Comms minister reflects on first 100 days in office
Minister of Communications and Digital Technologies (DCDT) Khumbudzo Ntshavheni has highlighted the completion of the Artificial Intelligence (AI) Framework for South Africa among the achievements made by the department in her first 100 days in office.
Speaking in a video clip released by DCDT, the minister highlighted several milestones achieved by her department since she took office on 6 August 2021.
She replaced Stella Ndabeni-Abrahams, who was shipped to the Department of Small Business Development after serving in the DCDT since her appointment in November 2018.
According to Ntshavheni, the AI Framework for South Africa was completed as part of the AI Blueprint for Africa, which seeks to ensure that all African countries build national capacity and capabilities through the generic AI toolkit to address the states’ current problems and challenges.
It proposes the African continent must set up regional centres of excellence for AI specialising in different fields of AI to ensure strong focus and collaboration, which would foster the needed co-operation, among other goals.
She reflected on other achievements, including: Expediting the digital migration process, the launch of Digitech – SA’s online marketplace for locally produced digital solutions, and the completion of the revised SA Connect implementation plan.
“We’ve completed the AI Blueprint for Africa, through the Smart Africa Alliance. And through that we have also completed the AI framework for South Africa, which will enable us to launch the AI Hub that will spread across the various institutions of higher learning, but anchored at the University of Johannesburg,” she explained.
The AI hub will also serve as an innovation think-tank to assess and recommend projects to collaborate on, in line with Agenda 2063 that is seeking to promote cutting-edge research in AI, among other emerging technologies.
“Africa cannot afford to trail behind in economic development opportunities brought about by the fourth industrial revolution – cloud platforms and digital technologies such as quantum computing, machine learning, AI, cyber security and related technologies have a great potential of increasing the production in raw materials that are in abundance in Africa and leapfrog key productions on the continent.”
100 days – accomplishments
- Fast-tracking digital migration
The DCDT reactivated and switched off the Northern Cape, Free State and North West analogue transmitters. The last analogue transmitter was switched off in November to make way for the continued implementation of the digital migration process, notes Ntshavheni.
In October, Ntshavheni presented SA’s new expedited digital migration approach to Cabinet and outlined government’s plan on how the country will cover lost ground in transitioning from analogue transmission to digital across all areas by March 2022.
- Launch of Digitech
In November, the department announced Digitech, an online platform showcasing South African technologies. The online marketplace will list products from South African companies, including from SMEs and entrepreneurs.
- Spectrum allocation
Ntshavheni says the DCDT played a key role in stabilising the route to introduce provisional spectrum by 31 March.

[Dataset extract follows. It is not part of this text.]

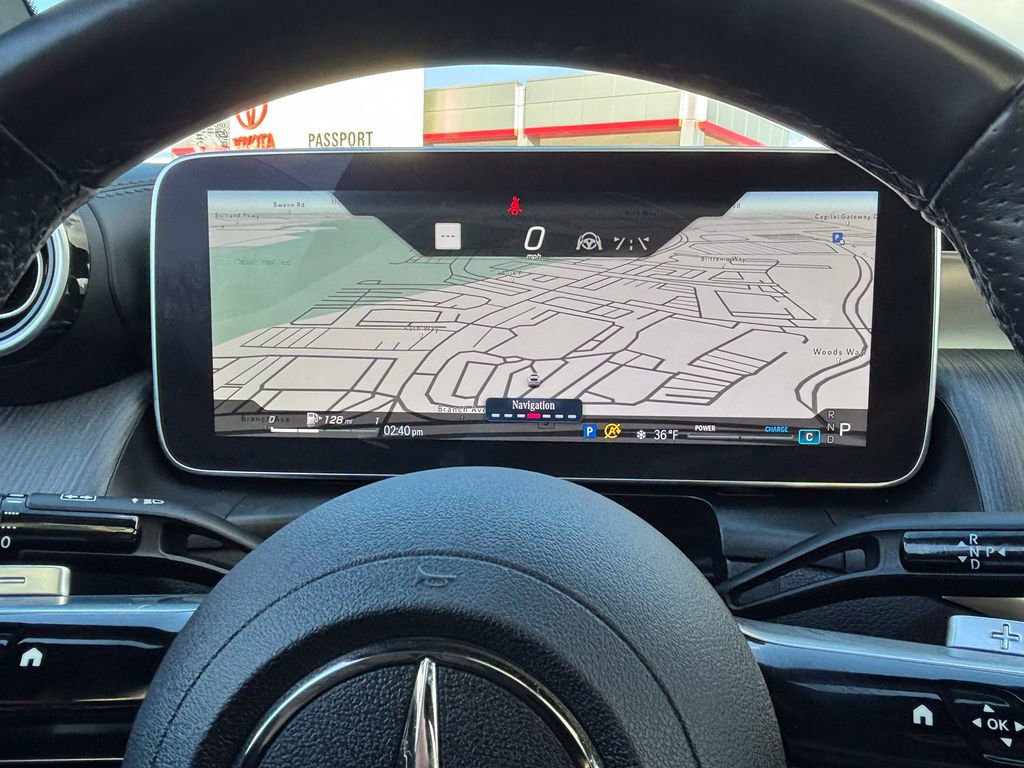 Used 2024 Mercedes-Benz GLC 300 4MATIC image 34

In November, the minister threw her weight behind Independent Communications Authority of South Africa’s spectrum plans, backing the move and the timelines established for telcos to apply for the spectrum.
The high-demand spectrum is expected to fulfil government’s social obligations that will enable telcos to connect over 18 000 schools, over 3 000 clinics, over 1 000 hospitals and over 8 000 traditional authority offices and centres, according to the minister.
However, the auction process has once again stalled, after Telkom filed an application asking the Gauteng High Court to review and set aside the invitations to apply for spectrum published by ICASA on 10 December 2021.
- Revised SA Connect strategy
Over the past three months, the DCDT completed the revision of the SA Connect implementation strategy, which seeks to make sure all citizens have access to internet connectivity within the next 36 months.
The initiative was first announced in 2013 to meet the technology goals of the National Development Plan of creating an inclusive information society.
Due to the magnitude of the project, government determined it should be implemented in two stages: Phase one and phase two.
- E-learning initiatives
The DCDT has completed a plan to refurbish and distribute notebooks and tablets to learners in public schools, starting with grade 12 learners in 2022.
This refurbishment will be conducted through the hiring of unemployed graduates with the aim to offer them employment, while ensuring the initiative is spread across the country.
SA’s education system is undergoing a digital revamp, as government looks to equip every school child with digital workbooks and textbooks on a tablet device by 2026.